I was reading the slides of a talk by Tom Leinster. I have trouble understanding the last line of page 17 (pages 1-15 are irrelevant and can be skipped). Could someone please explain it to me?
If I translate the images correctly, $T$ is defined to be the set of all full binary trees. A full binary tree is either:
a single vertex, $\bullet$
a graph formed by taking two full binary trees, adding a vertex, and adding an edge directed from the new vertex to the root of each binary tree.
Then $T \cong \{ \bullet \} \sqcup (T \times T)$. Thus $$|T| = 1 + |T|^2.$$ (Note: I think the last equation also holds if we defined $T$ to be the set of all (not necessarily full, and possibly empty) binary trees since then $T \cong \{\emptyset\} \sqcup (T \times T)$.)
Forgetting what $|T|$ stands for, we could solve the above equation for $|T|$ and find that $|T|=e^{\pm i\pi/3}$. Hence $|T|^7 = |T|$. This suggests that $T^7 \cong T$. Tom Leinster writes "This really is true!". Why is that?
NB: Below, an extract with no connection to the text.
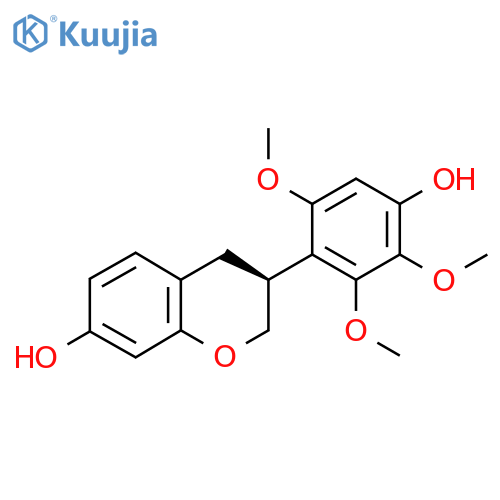(S)-3,4-Dihydro-3-(4-hydroxy-2,3,6-trimethoxyphenyl)-2H-1-benzopyran-7-ol structure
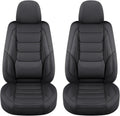 Leather Car Seat Covers Waterproof Front Seat Covers - Breathable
The paper Seven Trees in One exhibits a "very explicit bijection" $T^7\cong T$. It is perhaps a bit cumbersome because it requires separating into five cases based on how the seven trees look in the first four levels of depth. A proof is present too. Disclaimer: I haven't read it.
Another paper Objects of Categories as Complex Numbers discusses the relationship between algebra (in particular, manipulating elements of polynomial semirings modulo relations) and natural isomorphisms. Indeed, if we consider an initial set of relations satisfied by an object to be a class of prototypical isomorphisms, then we can "do algebra" utilizing the relations and translate that into a sequence of isomorphisms. For example the authors write that one can do
$$\begin{array}{ll} T & \cong 1+T^2 \\ & \cong 1+T+T^3 \\ & \cong 1+T+T^2+T^4 \\ & \cong 2T+T^4 \\ & \cdots \\ & \cong T^7 \end{array} $$
with $18$ isomorphisms in total. (This is not the bijection exhibited in 7 trees in 1.)